Happy New Year from me too--any New Years resolutions? Mine are to expand my goat space, get better at trimming hooves, & continue to learn more & more about goats!


----------



## Goatzrule (Feb 7, 2013)

Mine is to figure out what my future with livestock is.


----------



## MoonShadow (Mar 1, 2015)

A few of my new years resolutions are to, get better at hoof trimming, up the over all health and show quality of my herd, get chickens and ducks, build a few new goat pens. 

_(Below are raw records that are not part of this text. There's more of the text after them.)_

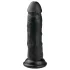 Easytoys - realistický dildo s prísavkou - čierny - 15,5 cm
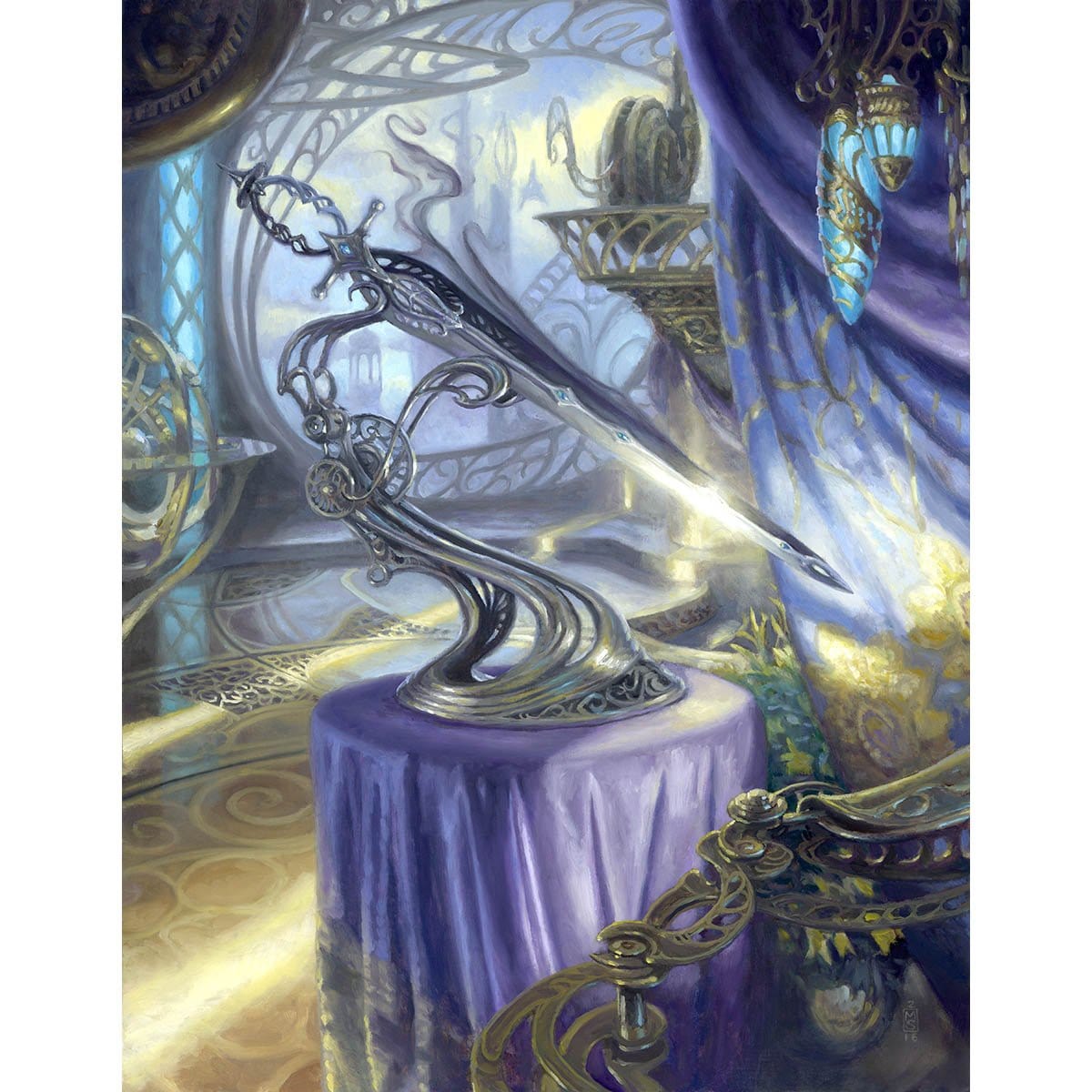 Sword of Light and Shadow Print - Print - Original Magic Art - Accessories for Magic the Gathering and other card games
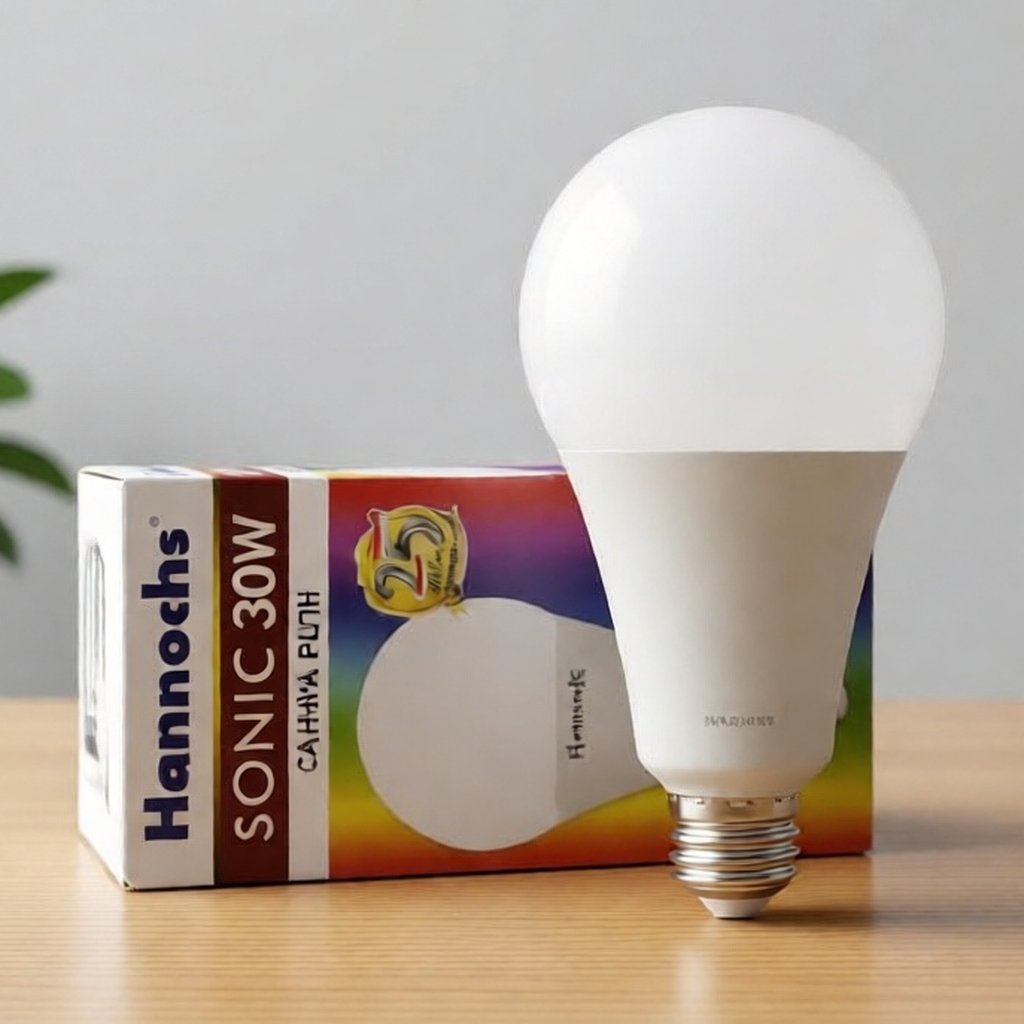 Bola Lampu Led 30 Watt Putih Hannochs Sonic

And . . . Lose weight Lol just kidding (;


----------



## Little-Bits-N-Pieces (Apr 7, 2013)

Happy 2017! Little late to the party, but I think I'm late to everything these days :lol: 
I'm keeping my expectations extremely low this year, just in case things done pan out, it's safer this way :lol:

2018 though-- that's a different story, got some big stuff going on that year, just you wait! :shades:


----------



## groovyoldlady (Jul 21, 2011)

I'm later than you, Little Bits! Happy 2017 to all of you. Mine has started out with a LATE breeding season. We're picking up one handsome fellow today for a 30 day visit. And Ditza has a LaMancha date next weekend.

On the late theme, my grand daughter's 13th birthday was last Tuesday and I still haven't got her birthday present to her. And my Mom's birthday is today, but we haven't called to sing to her yet.

OY!

I'm also a bit on the late side with the writing class I'm teaching - somehow we ended up a week behind schedule.

I wonder how this is going to bode for the year????? ;-)

I guess my resolution is to make all those grain and seed bags into shopping bags to sell....


----------



## Little-Bits-N-Pieces (Apr 7, 2013)

Wow, that is a late breeding season! If it makes you feel better, I only bred 3 of mine, the 4th might be bred, might not be, I don't know. :lol: I threw the buck in to run with them for the winter since the girls have a bigger house, but I think they were all done cycling by the time I put him in. 

Sounds like you better get to it with the birthdays too!


----------